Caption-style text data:

|---|

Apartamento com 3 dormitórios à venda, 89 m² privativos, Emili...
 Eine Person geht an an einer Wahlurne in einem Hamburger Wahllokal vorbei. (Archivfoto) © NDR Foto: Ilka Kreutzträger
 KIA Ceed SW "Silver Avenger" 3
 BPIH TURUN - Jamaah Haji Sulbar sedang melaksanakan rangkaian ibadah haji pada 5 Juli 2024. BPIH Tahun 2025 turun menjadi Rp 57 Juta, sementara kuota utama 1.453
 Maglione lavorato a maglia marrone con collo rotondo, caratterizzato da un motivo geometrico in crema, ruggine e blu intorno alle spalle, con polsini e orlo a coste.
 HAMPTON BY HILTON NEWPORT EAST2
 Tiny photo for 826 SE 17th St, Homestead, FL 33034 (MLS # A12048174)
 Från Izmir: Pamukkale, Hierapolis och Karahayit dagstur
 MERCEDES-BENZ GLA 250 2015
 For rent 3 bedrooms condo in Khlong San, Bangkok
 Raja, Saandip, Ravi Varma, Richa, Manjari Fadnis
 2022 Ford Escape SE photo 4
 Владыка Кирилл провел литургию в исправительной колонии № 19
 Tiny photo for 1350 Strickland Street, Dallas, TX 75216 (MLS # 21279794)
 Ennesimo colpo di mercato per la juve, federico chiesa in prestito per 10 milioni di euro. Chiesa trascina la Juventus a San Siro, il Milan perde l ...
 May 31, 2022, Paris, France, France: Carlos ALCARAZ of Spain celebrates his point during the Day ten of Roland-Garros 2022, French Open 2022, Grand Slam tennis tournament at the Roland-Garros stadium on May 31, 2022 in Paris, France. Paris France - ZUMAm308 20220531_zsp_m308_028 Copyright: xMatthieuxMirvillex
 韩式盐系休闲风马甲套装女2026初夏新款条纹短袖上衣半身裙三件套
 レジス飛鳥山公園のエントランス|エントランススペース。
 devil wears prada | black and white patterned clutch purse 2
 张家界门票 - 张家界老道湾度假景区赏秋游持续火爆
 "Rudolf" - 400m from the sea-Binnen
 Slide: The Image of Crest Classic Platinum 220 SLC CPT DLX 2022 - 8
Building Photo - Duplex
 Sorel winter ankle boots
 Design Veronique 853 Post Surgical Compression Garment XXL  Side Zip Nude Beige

|---|

**Instructions to follow:** Each line above should appear again, reproduced exactly.

**Exercise output:**
Apartamento com 3 dormitórios à venda, 89 m² privativos, Emili...
 Eine Person geht an an einer Wahlurne in einem Hamburger Wahllokal vorbei. (Archivfoto) © NDR Foto: Ilka Kreutzträger
 KIA Ceed SW "Silver Avenger" 3
 BPIH TURUN - Jamaah Haji Sulbar sedang melaksanakan rangkaian ibadah haji pada 5 Juli 2024. BPIH Tahun 2025 turun menjadi Rp 57 Juta, sementara kuota utama 1.453
 Maglione lavorato a maglia marrone con collo rotondo, caratterizzato da un motivo geometrico in crema, ruggine e blu intorno alle spalle, con polsini e orlo a coste.
 HAMPTON BY HILTON NEWPORT EAST2
 Tiny photo for 826 SE 17th St, Homestead, FL 33034 (MLS # A12048174)
 Från Izmir: Pamukkale, Hierapolis och Karahayit dagstur
 MERCEDES-BENZ GLA 250 2015
 For rent 3 bedrooms condo in Khlong San, Bangkok
 Raja, Saandip, Ravi Varma, Richa, Manjari Fadnis
 2022 Ford Escape SE photo 4
 Владыка Кирилл провел литургию в исправительной колонии № 19
 Tiny photo for 1350 Strickland Street, Dallas, TX 75216 (MLS # 21279794)
 Ennesimo colpo di mercato per la juve, federico chiesa in prestito per 10 milioni di euro. Chiesa trascina la Juventus a San Siro, il Milan perde l ...
 May 31, 2022, Paris, France, France: Carlos ALCARAZ of Spain celebrates his point during the Day ten of Roland-Garros 2022, French Open 2022, Grand Slam tennis tournament at the Roland-Garros stadium on May 31, 2022 in Paris, France. Paris France - ZUMAm308 20220531_zsp_m308_028 Copyright: xMatthieuxMirvillex
 韩式盐系休闲风马甲套装女2026初夏新款条纹短袖上衣半身裙三件套
 レジス飛鳥山公園のエントランス|エントランススペース。
 devil wears prada | black and white patterned clutch purse 2
 张家界门票 - 张家界老道湾度假景区赏秋游持续火爆
 "Rudolf" - 400m from the sea-Binnen
 Slide: The Image of Crest Classic Platinum 220 SLC CPT DLX 2022 - 8
Building Photo - Duplex
 Sorel winter ankle boots
 Design Veronique 853 Post Surgical Compression Garment XXL  Side Zip Nude Beige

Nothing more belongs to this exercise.